Jessie Duarte keen to appear before Zondo Commission

10 October 2018 - 13:44 By Andisiwe Makinana
ANC deputy secretary general Jessie Duarte.
ANC deputy secretary general Jessie Duarte.
Image: Gallo Images

ANC deputy secretary general Jessie Duarte has revealed that she is keen to appear before the ongoing Zondo commission of inquiry to talk about the party’s role in the establishment of the Gupta-owned media houses‚ ANN7 and The New Age newspaper.

"By the time I got into the picture‚ that was a well-established fact. I'm very willing to go and talk about meetings I held with Moegsien Williams‚ I have no problem with that‚ I have nothing to hide‚ not afraid that we did discuss a media that would give the ANC unmitigated space to put its policies forward. I would do that with pleasure‚" she said.

Duarte has also encouraged others with relevant information to make themselves available to the commission.

She described state capture as "a particular condition" and said that hopefully at some point the country would move from just examining one family but look at what was happening at a local level where there were links with people who demanded leadership and how this related to their business interests.

"The ultimate thing is that when a person has benefited directly from having made a connection‚ that is corrupt and that is what it is and hopefully in the Zondo commission‚ that is what will be proved."

Duarte was addressing journalists in Cape Town a day after Finance Minister Nhlanhla Nene resigned following a furore over his lies regarding meetings with the controversial Gupta family. Nene apologised for the contradictions and later resigned.
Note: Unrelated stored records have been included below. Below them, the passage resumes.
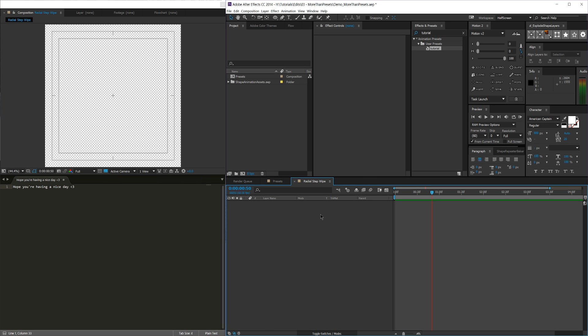Hey guys, Rio here, and welcome back to another Daily Tut — daily tutorial here on Tegah Designs, the show where I sort of show you guys the effects, techniques, and methods I use to make my life a ton simpler when creating motion graphics in Adobe After Effects.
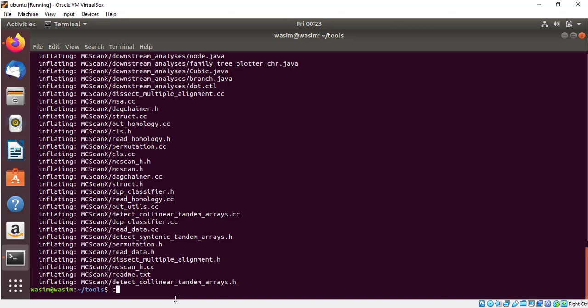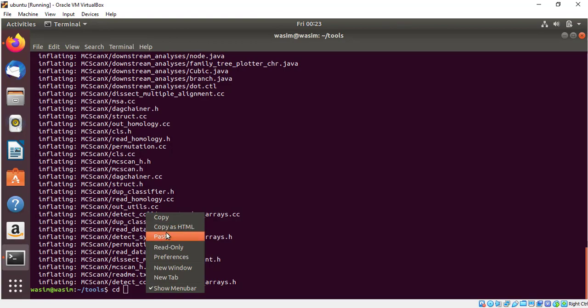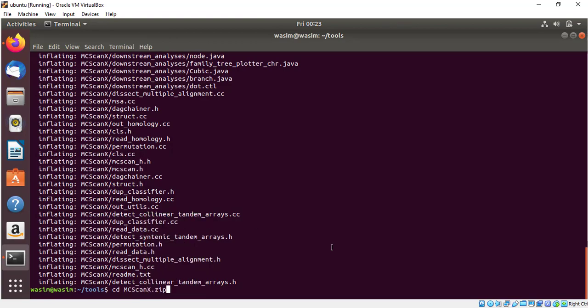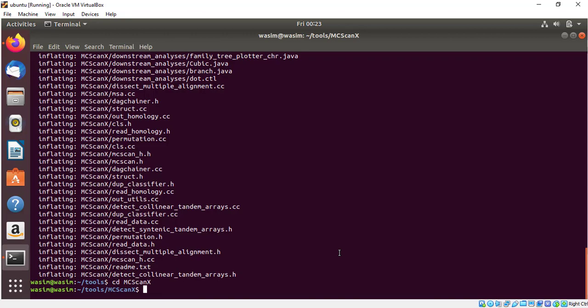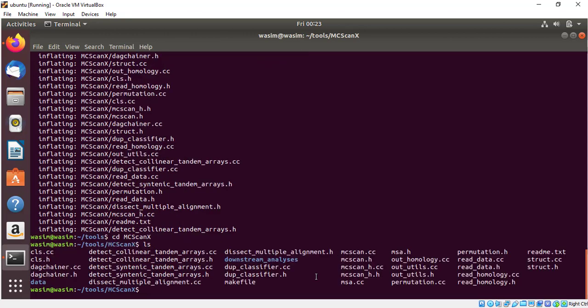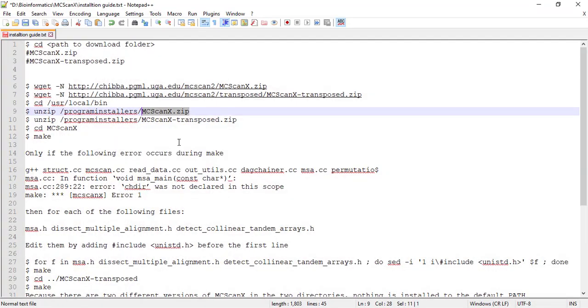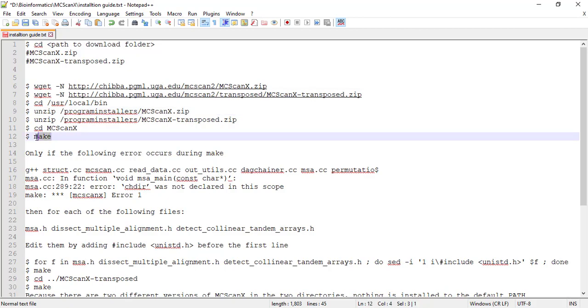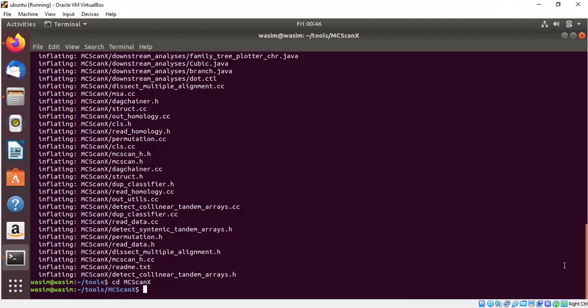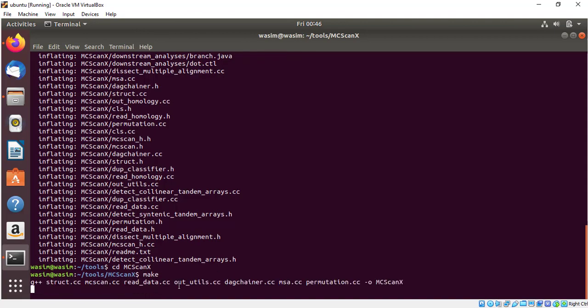After that I will go to MCSCANX folder. Here you will see some files. Now we need to install this file. First step finished. We will type cd MCSCANX. Now we are in MCSCANX folder. After that we will type make in MCSCANX folder. Type make and wait for it to install.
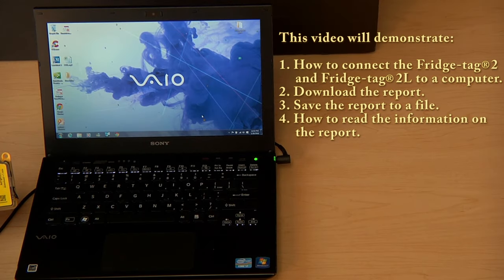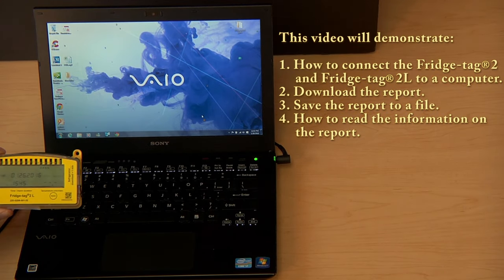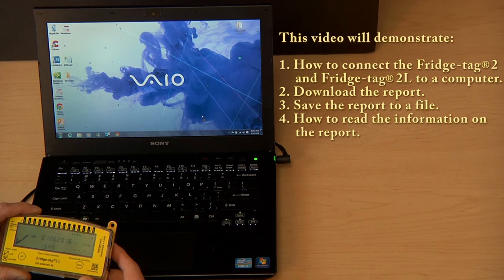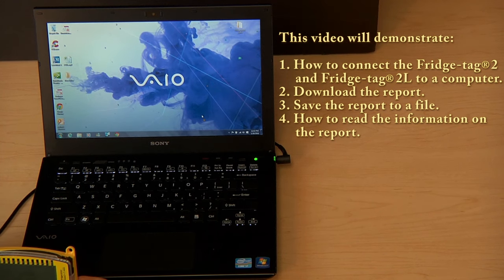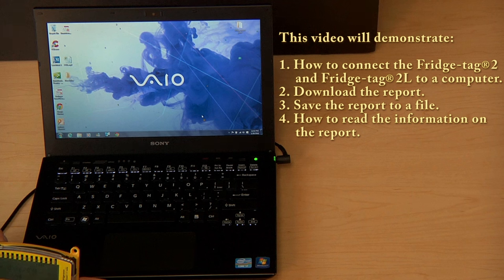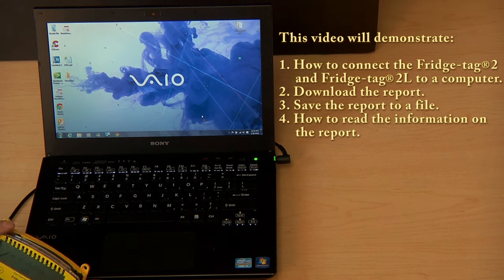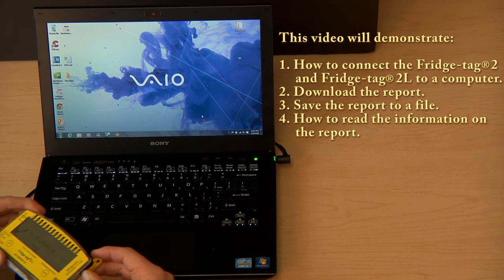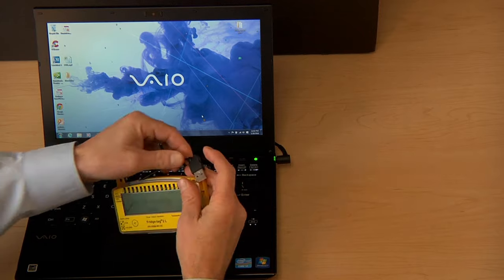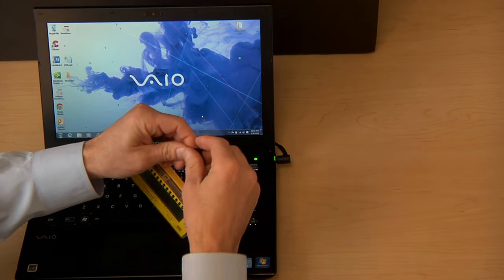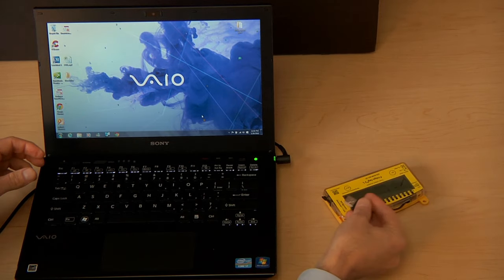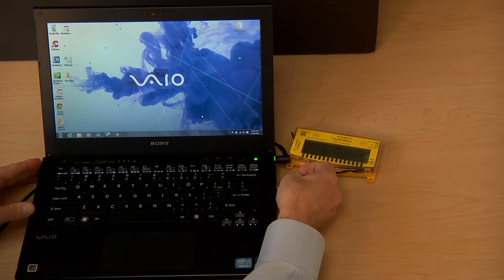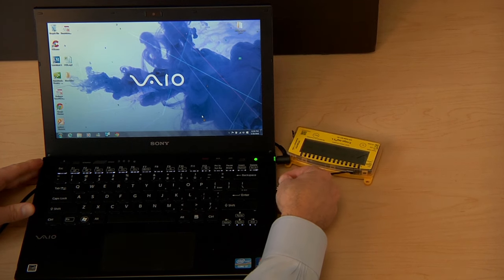In this video we will demonstrate how to connect the Fridgetag 2 and Fridgetag 2L to a Mac or PC, download the report, save the report to a file, and read the information on the report. Every Fridgetag is equipped with a USB cable attached that can be connected into a standard USB port.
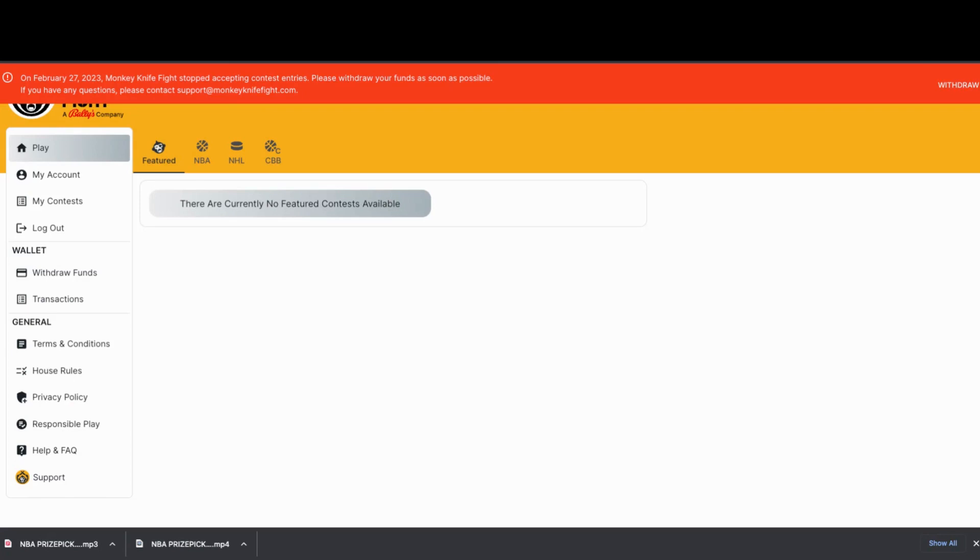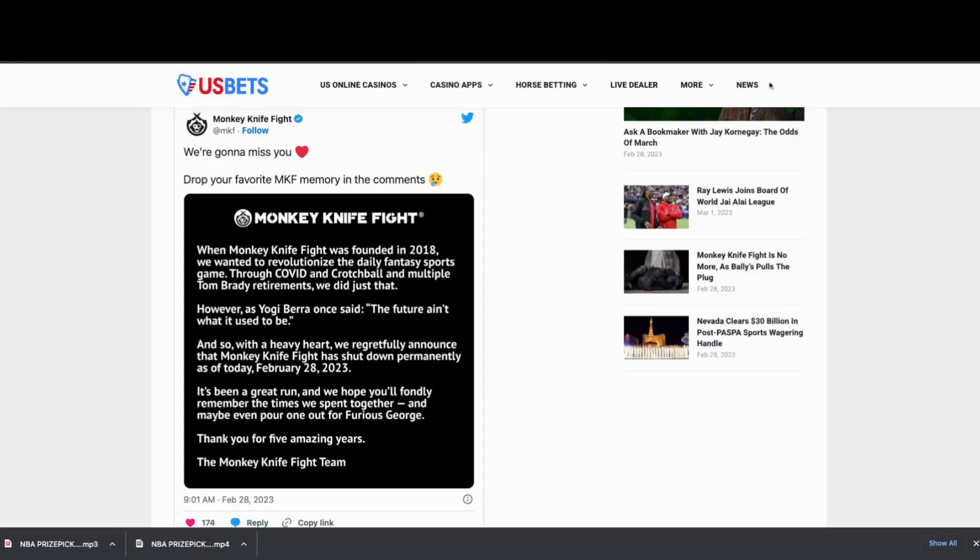Please withdraw your funds as soon as possible. If you have any questions, please contact support at monkeyknifefight.com. So it looks like Monkey Knife Fight shut down as of February 28th, as we see over here in this press release.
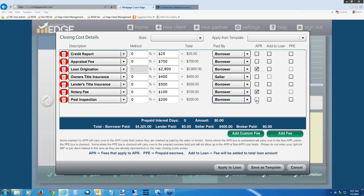Another option, Jim, is to trick the system by adding a custom fee, calling it 'loan origination,' making it an APR fee — this allows you to use a percentage on it. Just make sure when you create that custom fee you call it something like 'loan origination purchase' so you don't accidentally use it for a refi. If you use it for a refi with rolled-in fees, that percentage will be wrong. So we've finished the pest inspection line — put $200 if you don't know. This is a non-APR fee.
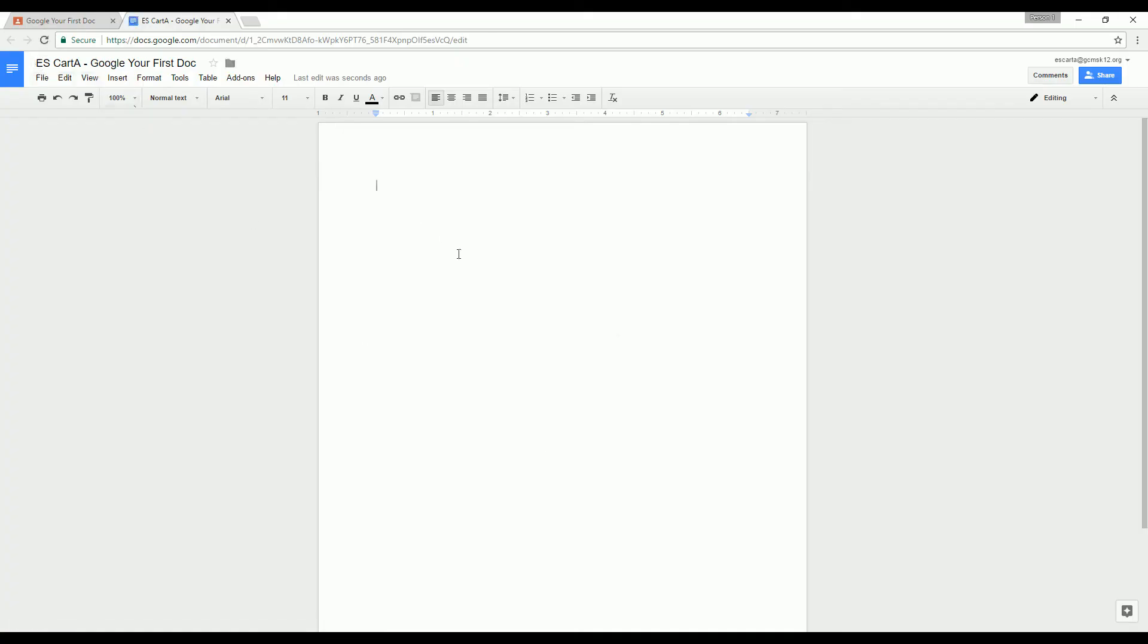One of the nice things about having your doc created right within Google Classroom like this is you'll notice it's already put the name up here at the top of my document. And it's going to be very easy for me to just get to work and create what I need to do on this doc.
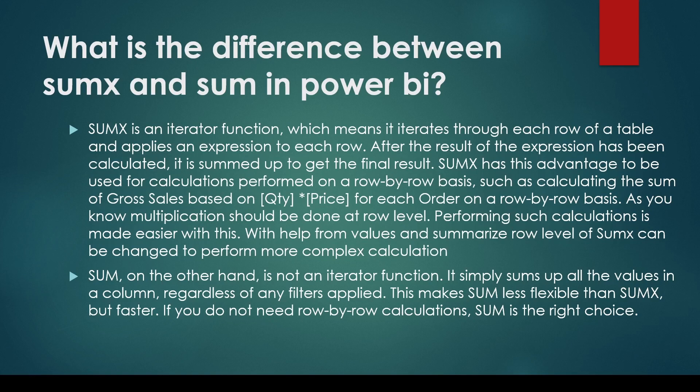If you don't need row-by-row calculation, SUM is the right choice. Now let me take you through my calculation here in Power BI.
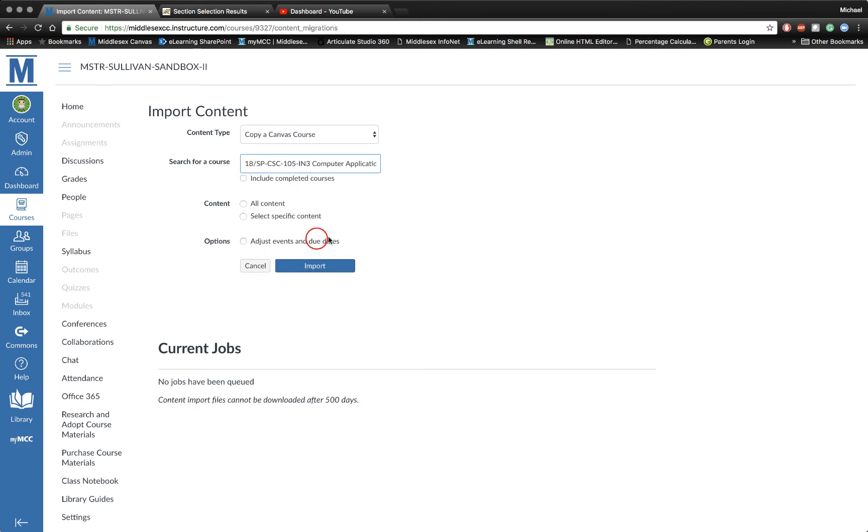So I select that, and then I select where it says All Content, and then I click on Import.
Duarte revealed that Nene had not informed the party of his decision to resign nor whether he would remain an MP. “Comrade Nene hasn’t spoken to the ANC at all‚ so we are not sure what his plans are. We only know that he resigned and it was announced yesterday.

“We appreciate the fact that he chose to resign after the furore that took place after his own submission to the commission. He is a valued person in the ANC and we think that he has made a contribution to our country. We believe that he made a decision that sat well with himself and we appreciate that.”

Duarte said the ANC welcomed the appointment of Tito Mboweni to replace Nene‚ describing him as a veteran of the ANC who had a vast wealth of experience in policy formulation within the governing party and was an integral part of the ANC’s economic transformation committees at Luthuli House long before his appointment as labour minister.

“We are speaking about a person who is very au fait with the direction that the governing party hopes to go. Primarily his appointment is to ensure the implementation of the stimulus package that the president talked about. We also all know that the stimulus package differs a little from what the ANC has pronounced over the last 10 years‚” she said.

Duarte said the ANC had full confidence in Mboweni’s ability to ensure that there were moves towards the recovery of the economy.

“He is also very well respected internationally and as governor of the SA Reserve Bank had interacted a great deal with other governors and we believe that does stand us in good stead‚” she added.

Duarte said they were concerned with the perception that the ANC was on trial and even more concerned that whatever generated perceptions in the Zondo Commission should be based on facts.

“We are concerned that it should not be a perspective of a view that is put about an individual that governs how the commission will finally make its own conclusions.

“It is correct for anyone who has information that will assist the Zondo Commission to make themselves available as a participant.”

On whether other public representatives should resign from their positions‚ Duarte said this “will depend on the individuals and how they present themselves and what they put to the Zondo Commission and how that is understood and what culpability might be inferred in what they are saying … whether they've gone out of their way to ensure a particular family benefited very directly from the state's coffers or whether they were treating this family like any other business in the country”.

"Whoever goes there must be factual themselves and not attempt to say one thing now that they didn’t say before."